▸ Data in this exercise:
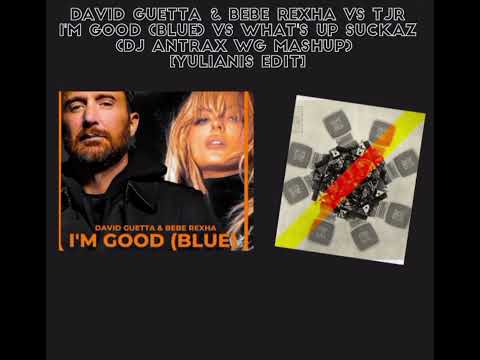David guetta & Bebe Rexha vs TJR - I'm good vs What's Up Suckaz (DJ ANTRAX WG Mashup)[Yulianis Edit]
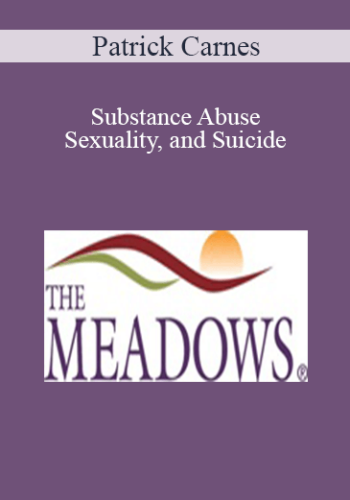 Patrick Carnes - Substance Abuse, Sexuality, and Suicide: The Three Canaries in the Cage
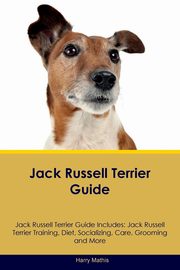 ksiazka tytu: Jack Russell Terrier Guide Jack Russell Terrier Guide Includes autor: Mathis Harry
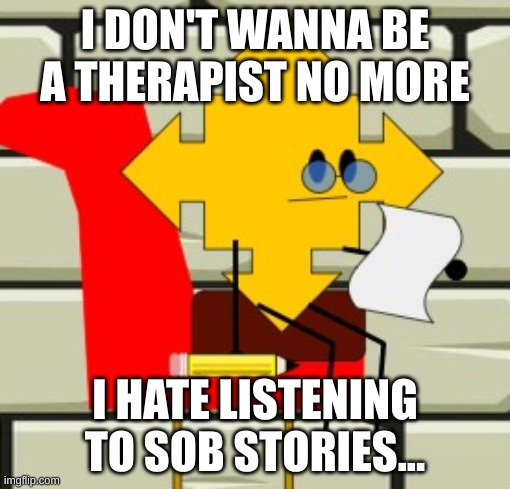 So Sad Career Choice... | I DON'T WANNA BE A THERAPIST NO MORE; I HATE LISTENING TO SOB STORIES... | image tagged in therapist,therapy | made w/ Imgflip meme maker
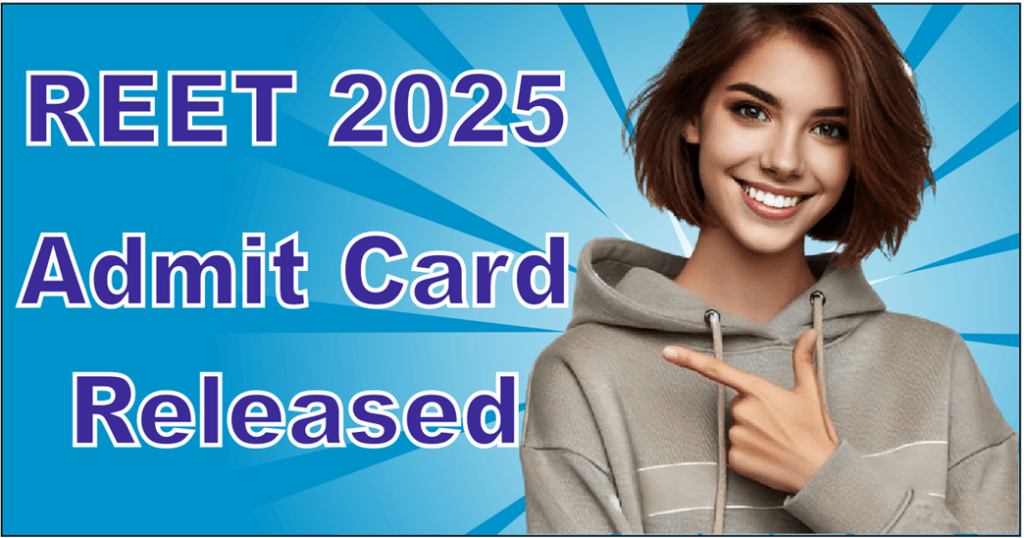 REET Admit Card 2025
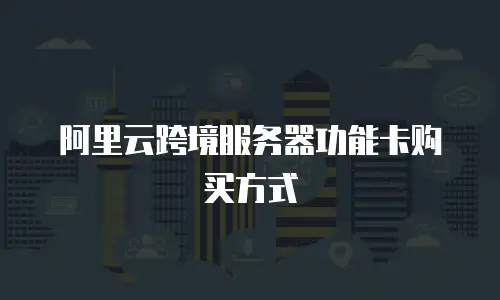 阿里云跨境服务器功能卡购买方式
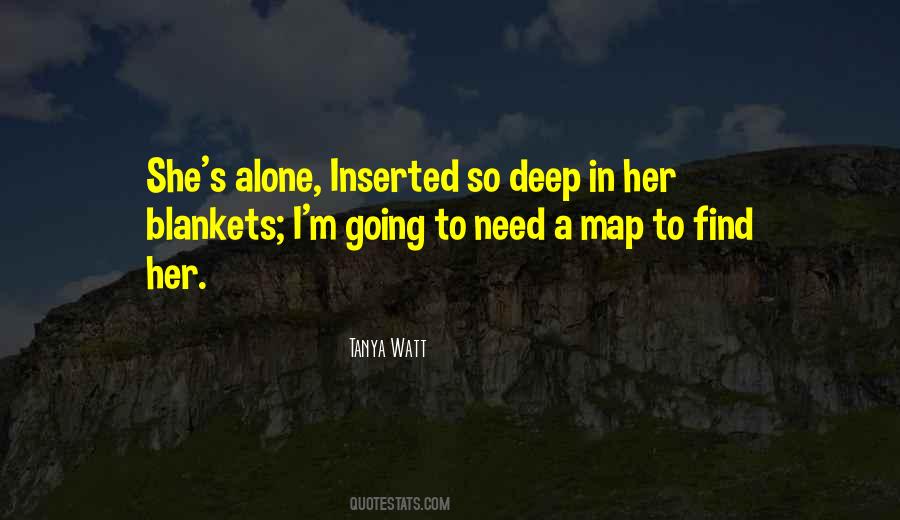 I'm So Deep Quotes #1101283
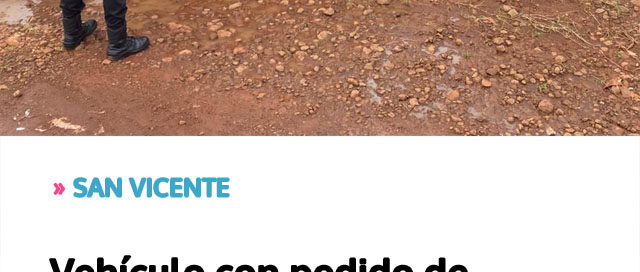 SAN VICENTE: Vehículo con pedido de secuestro fue recuperado por la Policía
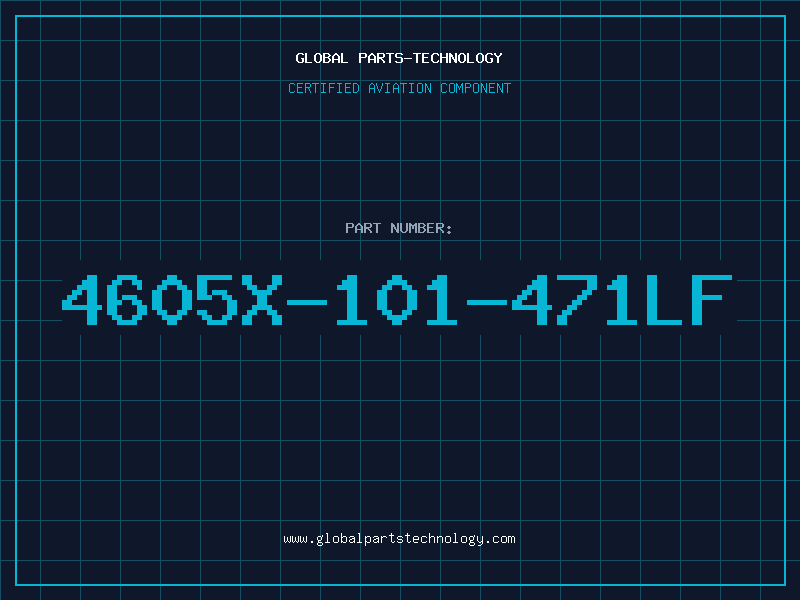 Aviation Part 4605X-101-471LF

▸ What this task involves: Transcribe all of the data above exactly; no picture belongs in the copy.

▸ Expected answer:
David guetta & Bebe Rexha vs TJR - I'm good vs What's Up Suckaz (DJ ANTRAX WG Mashup)[Yulianis Edit]
 Patrick Carnes - Substance Abuse, Sexuality, and Suicide: The Three Canaries in the Cage
 ksiazka tytu: Jack Russell Terrier Guide Jack Russell Terrier Guide Includes autor: Mathis Harry
 So Sad Career Choice... | I DON'T WANNA BE A THERAPIST NO MORE; I HATE LISTENING TO SOB STORIES... | image tagged in therapist,therapy | made w/ Imgflip meme maker
 REET Admit Card 2025
 阿里云跨境服务器功能卡购买方式
 I'm So Deep Quotes #1101283
 SAN VICENTE: Vehículo con pedido de secuestro fue recuperado por la Policía
 Aviation Part 4605X-101-471LF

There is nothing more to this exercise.